Would it be inappropriate and/or risky for me to bring a written offer from another company to the company I want to work for and ask them to match it?
I think that's two separate questions. But before we get to the questions, I think we should clarify that if you receive an offer from an employer you really like, but you feel the offer is low, it's always appropriate to attempt to negotiate something higher. Employers expect that.
Now, let's answer the easy question first:
Would it be risky?
A company that likes you enough that they're extending you an offer likely won't be offended to the extent that they withdraw their offer, so in that sense it's not risky. Also, if you've interviewed with that company, you've implicitly made it clear that you're in the middle of a job search, so that employer finding out that you're also interviewing (and receiving offers) elsewhere won't be a surprise, and likely won't be important information for them.
Would it be inappropriate?
If by "inappropriate" you mean "not effective" then I think the answer is yes, it would be inappropriate. As a hiring manager, I don't really care if you're getting better offers elsewhere. I'm evaluating you, as a candidate, based on what you're worth to me and what value you can bring my employer - not based on some other company's needs or criteria.
Further, a problem with basing your negotiation on another company's offer is that you're inviting this employer to justify their lower salary by comparing offers in other ways. Maybe this employer gives more PTO, or better 401k match, or allows work from home, or flexible hours, or a tech stack you actually want to work on, and so on.
I've watched this offer comparison game play out over and over. At my current employer, there's a competitor in town that (famously) pays high salaries. Some candidates I've extended offers to will point out that they have a higher paying offer from that company. The problem with them doing that as a negotiation tactic is that I can now point out that my employer offers more PTO, a better 401k match, better health insurance, more self-direction in terms of picking your tools and methods (and sometimes even projects), occasional work from home, an actual employee parking lot (instead of paying for your own parking), a fully stocked in-office kitchen, and a much more supportive and positive work environment (which is the polite way of saying: we won't put you on impossible projects and then bully you into working tons of overtime until you burn out, like that other company will).
It's to the point that when candidates mention that employer by name, it almost plays into my favor, since I can quickly focus on the reasons why my environment is better than that competitor's. I'm often happy to negotiate on salary in the offer process, but mentioning another offer doesn't play a significant factor. Even when they don't mention another company by name, it's pretty easy to take the conversation in this same direction of focusing on non-salary reasons why my employer is a great place to work. What I really want as a hiring manager is someone who will be happy and satisfied working at my company, so when offer comparisons happen, I will quickly shift to describing the big picture, rather than just getting worried about meeting some other company's salary.
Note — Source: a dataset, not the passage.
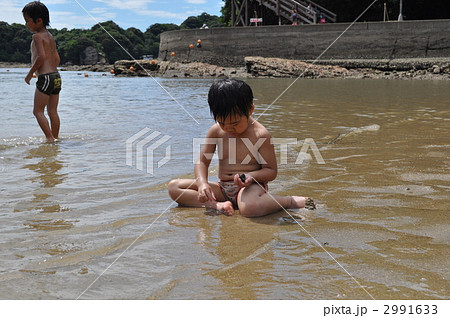 男の子 裸 座る 水遊びの写真素材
If a candidate is actually driven solely by getting the biggest salary, I will probably lose that candidate, but that may be the best thing for everyone involved, in the end.
Ultimately, if you've gotten an offer that you think is too low, and you want to negotiate a higher offer, you should base that negotiation on things that matter to the hiring manager:
- Be ready to show your experience and how it's relevant to their needs.
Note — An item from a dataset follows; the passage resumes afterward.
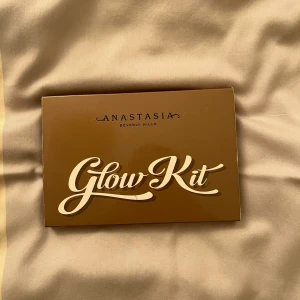 Anastasia beverly hills glow kit - Använd några gånger men fortfarande mycket produkt kvar, fräscht skick. Kan mötas elr frakta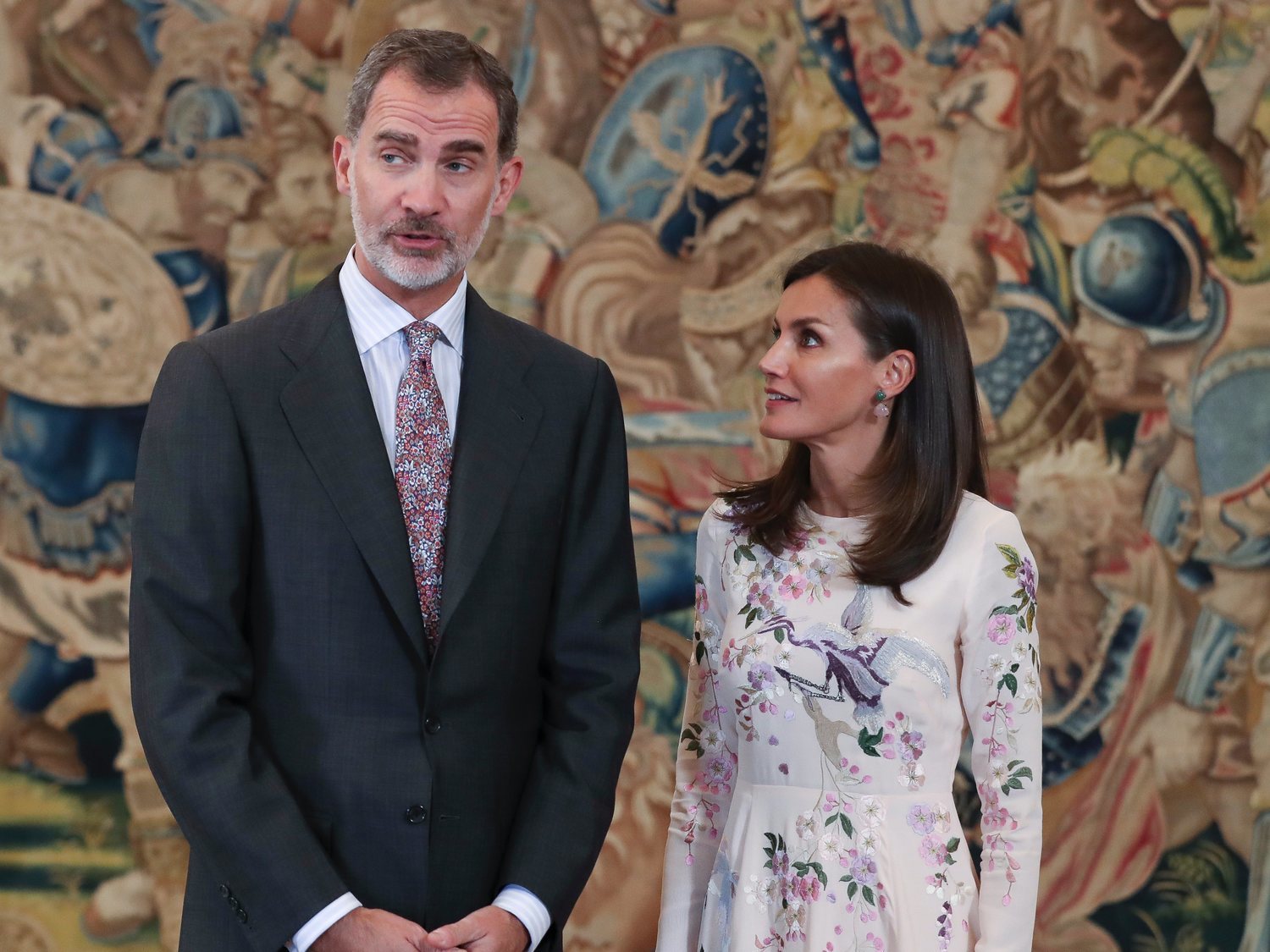 Una revista alemana critica el "vergonzoso error" de protocolo de Felipe y Letizia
- Be ready to show that you're a team player and would fit well with their team
- And so on
A piece of paper saying you're worth $X per year to another company doesn't really help prove any of those points, so at best it's unimportant in terms of how I (as a hiring manager) decide on what salary I should offer you. Ideally, you've touched on these things in your interview, so you don't really need to rehash them, but it can't hurt to mention in summary during your request.